LETTERS: Support private schools and SB4 backed

Support private schools in Texas

The Texas House Public Education Committee recently heard testimony on HB 1335, a bill introduced by state Rep. Ron Simmons, R-Carrollton, allowing special needs students access to education services outside of their neighborhood public school. It was maddening to sit quietly as inaccurate information was shared about Texas’ private schools.

There were charges that since private schools are not required to follow the federal IDEA law, they could not possibly educate children with special needs. Please understand, it does not take a federal mandate to do what is right for children.

Private schools operate under contract law, meaning that parents and the school discuss what the school can offer for that child and sign a contract. It is a clear and effective way to make sure that children are educated according to the parents’ and the school’s expectations and abilities.

I recognize that there are thousands of public schools in Texas that do an incredible job of educating our children. However, for some students, it is not enough. It’s important that we support parents who want another educational option for their child because, after all, they know their child best.

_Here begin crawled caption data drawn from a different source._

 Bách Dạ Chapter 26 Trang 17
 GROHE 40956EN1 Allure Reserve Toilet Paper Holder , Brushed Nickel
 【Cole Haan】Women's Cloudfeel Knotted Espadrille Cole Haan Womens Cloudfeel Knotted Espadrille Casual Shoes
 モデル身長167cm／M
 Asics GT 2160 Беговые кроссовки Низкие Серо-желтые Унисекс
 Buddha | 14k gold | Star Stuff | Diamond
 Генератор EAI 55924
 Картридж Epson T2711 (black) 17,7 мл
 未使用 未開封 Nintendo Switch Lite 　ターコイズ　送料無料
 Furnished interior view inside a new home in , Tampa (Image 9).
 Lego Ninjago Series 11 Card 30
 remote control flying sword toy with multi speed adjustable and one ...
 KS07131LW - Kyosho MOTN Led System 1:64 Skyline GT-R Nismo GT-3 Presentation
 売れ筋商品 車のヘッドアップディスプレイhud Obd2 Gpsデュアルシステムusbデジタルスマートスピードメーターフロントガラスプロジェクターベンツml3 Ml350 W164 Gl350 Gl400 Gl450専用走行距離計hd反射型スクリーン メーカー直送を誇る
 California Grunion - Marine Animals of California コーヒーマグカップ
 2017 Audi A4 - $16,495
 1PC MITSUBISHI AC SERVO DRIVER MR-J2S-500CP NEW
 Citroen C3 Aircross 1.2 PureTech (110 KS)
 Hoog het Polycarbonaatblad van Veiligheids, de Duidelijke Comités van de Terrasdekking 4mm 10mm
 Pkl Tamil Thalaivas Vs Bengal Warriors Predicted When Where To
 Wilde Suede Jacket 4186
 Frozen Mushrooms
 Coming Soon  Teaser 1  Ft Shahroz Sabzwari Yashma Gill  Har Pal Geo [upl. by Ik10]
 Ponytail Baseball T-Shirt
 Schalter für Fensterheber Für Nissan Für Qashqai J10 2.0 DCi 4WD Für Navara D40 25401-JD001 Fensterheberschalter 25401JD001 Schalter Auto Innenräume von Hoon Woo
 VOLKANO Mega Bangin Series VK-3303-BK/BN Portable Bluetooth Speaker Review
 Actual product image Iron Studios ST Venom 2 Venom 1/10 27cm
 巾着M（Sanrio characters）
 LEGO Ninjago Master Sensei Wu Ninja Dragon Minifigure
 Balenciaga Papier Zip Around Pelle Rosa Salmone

Rep. Simmons recalled that after struggling in public school, his son with autism was able to play sports at the small Christian school they selected. He choked up when his son said: “Dad, I finally have a team.” This memory and other compelling stories from parents prove that sometimes private schools are the answer.

Laura Colangelo, Texas Private Schools Association

SB4 law backed

I was very disappointed by the commentary in Tuesday’s Monitor by Opinion Editor Sandra Sanchez. It seems she has been losing sleep for 16 years because of her daughter’s skin color which, she now fears, will cause her to be racially profiled. Contrary to the hate against law enforcement she spent three columns detailing, these officials are not out to throw every Hispanic they see into jail. It is not unlawful to be in the United States legally, nor has it ever been. Let’s not turn a matter of law (legal vs. illegal) into something with racial undertones. We’ve already been down that road with voter registration.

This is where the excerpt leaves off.